Lehi • A Utah flour mill whose distinctive architecture made it an icon in art and film has made news in recent weeks for being enveloped in a financial mess that’s imperiling its future.
What is only now emerging is that the 107-year-old business also is caught up in a web of bureaucratic entanglements that has fueled its troubles, the details of which are growing more perplexing by the day.
Lehi Roller Mills
Founded » 1905 at its present site, 833 E. Main St., Lehi.
All in the family » In 1910, George Robinson purchased the mill, of which grandson Sherman is the current owner
Products » Wholesale flour, mixes for pancakes, brownies, cookies and muffins sold by grocery chains and others
Retail store hours » 9 a.m. to 6 p.m., Monday through Saturday
The latest dustup came after the U.S. Department of Labor sent letters earlier this month to customers of Lehi Roller Mills, telling them to "voluntarily" refuse any shipments of flour and bakery goods. The action apparently was in response to several workers taking to the streets in early July to protest that they and others had missed several paychecks.
The Labor Department made its move July 20 by filing a complaint in U.S. District Court for Utah seeking to force the Roller Mills to stop all shipments. The agency also sent letters to customers, telling them that if they accepted shipments from the Mills, they could be in violation of federal law. That was the same day the owner says he promised investigators that all 38 workers would be paid back wages. On Thursday, federal officials withdraw the motion — saying that the Mills had provided proof on Wednesday and Thursday that the workers had been paid.
But by then, Roller Mills’ owner Sherman Robinson said, the damage had been done.
"I’ve already gotten calls from my customers," he said. "One said I must have done something terrible to get that letter."
Los Angeles labor attorney Jesse Atilano, who has worked on similar cases but is not involved with the Roller Mills issue, questioned the agency’s tactics. He argues that for the Labor Department to notify customers to refuse shipments prior to going before a judge not only is a violation of due process but also typically results in forcing businesses into bankruptcy — leaving all employees out of a job.
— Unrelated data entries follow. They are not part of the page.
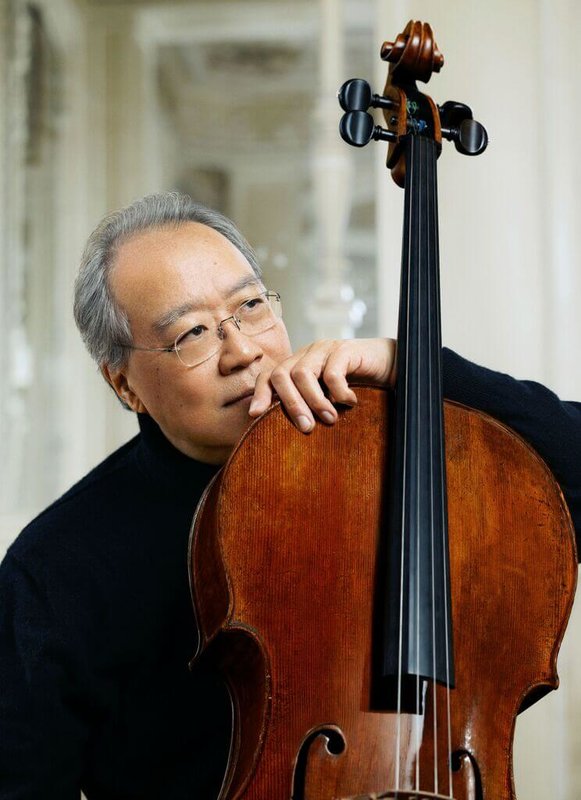 大提琴家馬友友(Yo-Yo Ma)(圖)今年9月將在台北國家音樂廳舉行獨奏會,帶來巴赫無伴奏大提琴組曲選曲。(牛耳藝術提供) 中央社記者趙靜瑜傳真 114年6月17日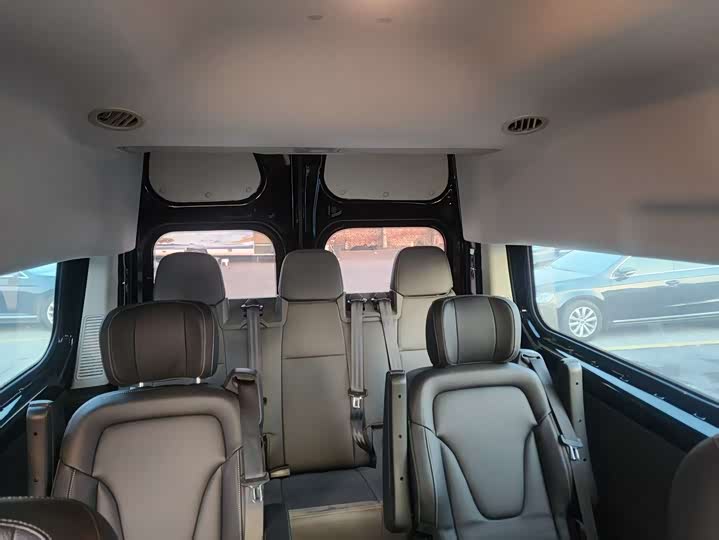 Фото 8 - Ford Transit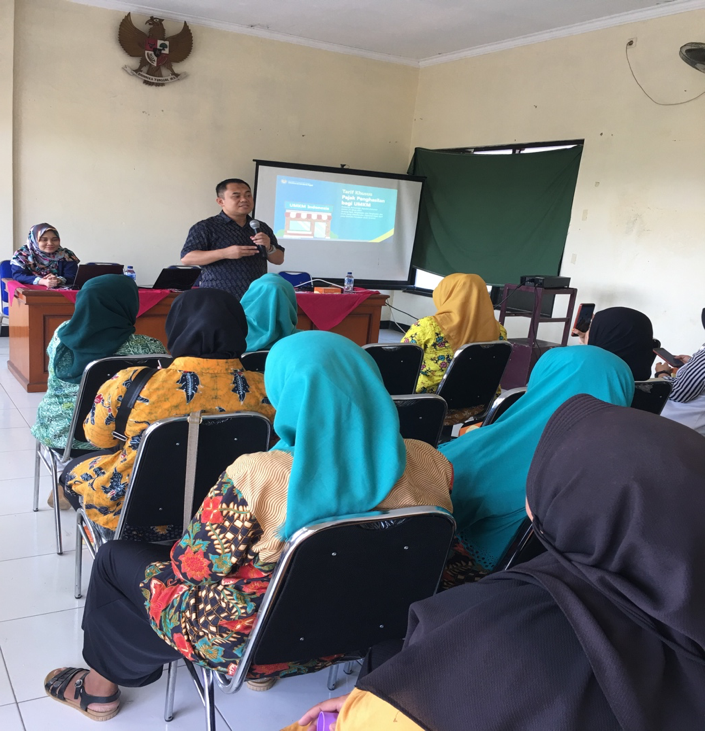 [:en]Pelatihan Perhitungan, Pemotongan,Pemungutan dan Pelaporan Pajak PPh Pasal 22 dan 23 Bagi Aparatur Desa (Pada 11 Desa di Kecamatan Kutawaringin, Kabupaten Bandung)[:]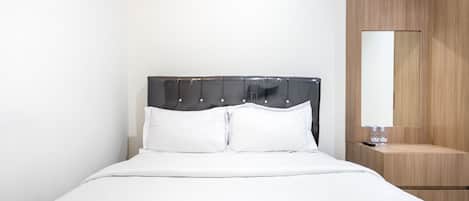 Habitación estándar con 1 cama matrimonial o 2 individuales, 1 cama matrimonial, para no fumadores | Escritorio y wifi gratis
"It may make sense to do that with a bad employer or a repeat offender," he said. "But there may be a better way to get employees their money. If wages are due, the department could sit down and work out a solution, but they’re not doing that."
Labor Department spokeswoman Elizabeth Todd, who said she could not discuss the case directly, referred only to the agency’s website, which says it may seek to suspend shipments when an employer does not "voluntarily" correct wage, overtime or child labor violations.
Were that the beginning and the end of Roller Mills’ troubles, Robinson might find peace, but there’s so much more to the Roller Mills saga.
Through thick, thin • Robinson actually traces many of his financial difficulties to yet another federal agency, the U.S. Department of Agriculture, whose stated mission is to help farmers and agricultural businesses.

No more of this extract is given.